---------- Data

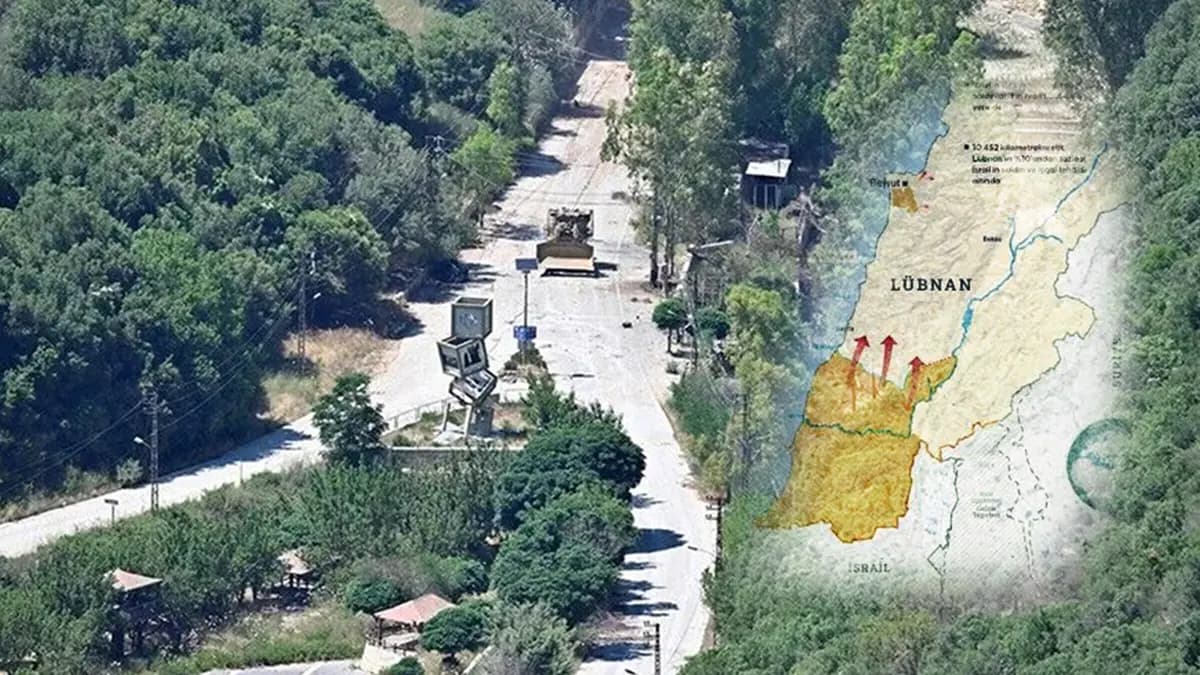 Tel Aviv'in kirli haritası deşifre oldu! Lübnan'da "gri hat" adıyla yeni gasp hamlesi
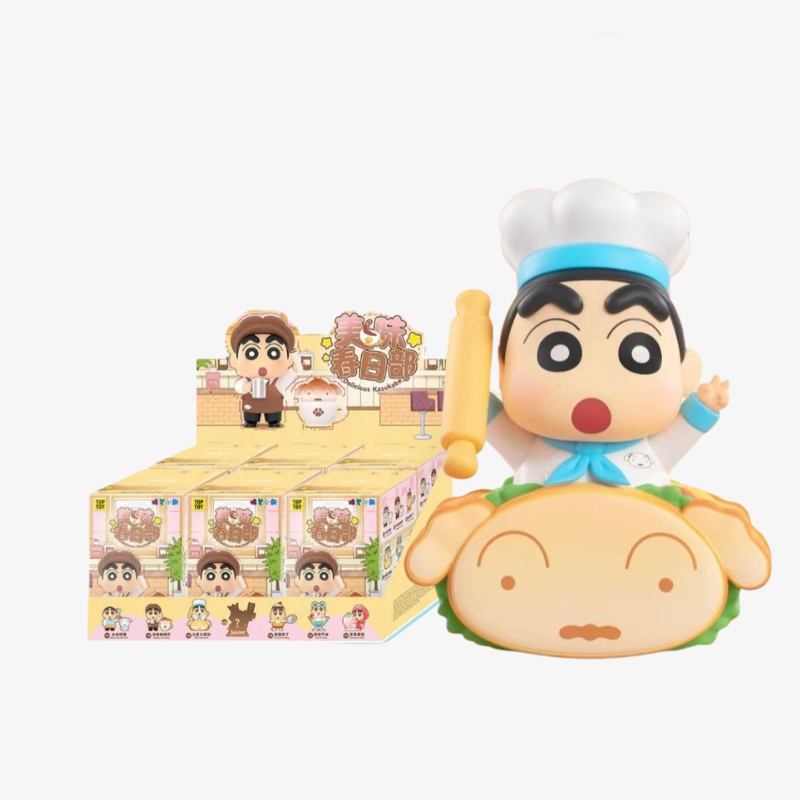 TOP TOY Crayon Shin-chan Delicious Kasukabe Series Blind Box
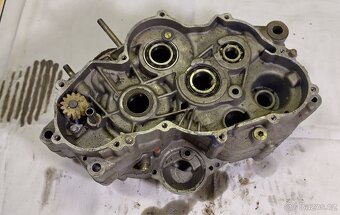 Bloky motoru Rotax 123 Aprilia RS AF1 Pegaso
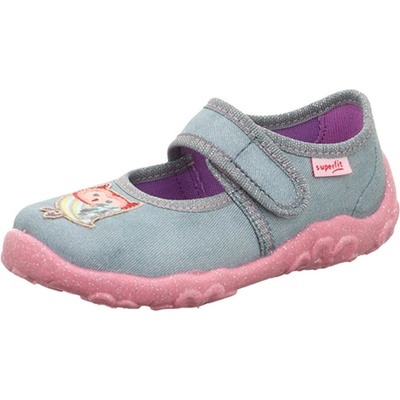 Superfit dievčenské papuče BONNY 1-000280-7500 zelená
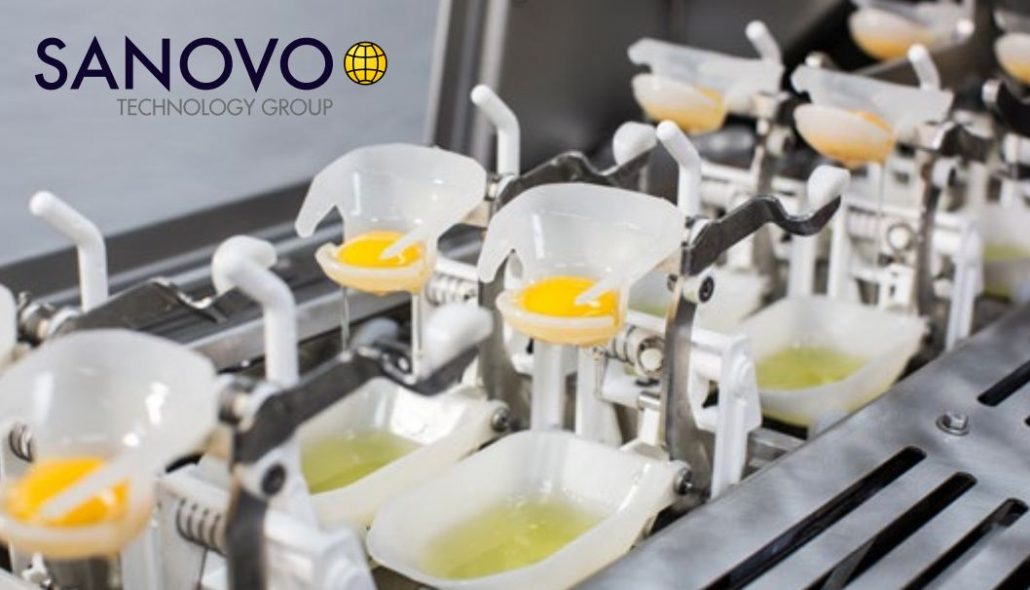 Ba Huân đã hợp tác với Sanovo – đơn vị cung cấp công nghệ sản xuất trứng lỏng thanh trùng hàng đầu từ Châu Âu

--------------------

Directions for this task
Write the listing above out again word for word, excluding all images.

Answer to the problem
 Tel Aviv'in kirli haritası deşifre oldu! Lübnan'da "gri hat" adıyla yeni gasp hamlesi
 TOP TOY Crayon Shin-chan Delicious Kasukabe Series Blind Box
 Bloky motoru Rotax 123 Aprilia RS AF1 Pegaso
 Superfit dievčenské papuče BONNY 1-000280-7500 zelená
 Ba Huân đã hợp tác với Sanovo – đơn vị cung cấp công nghệ sản xuất trứng lỏng thanh trùng hàng đầu từ Châu Âu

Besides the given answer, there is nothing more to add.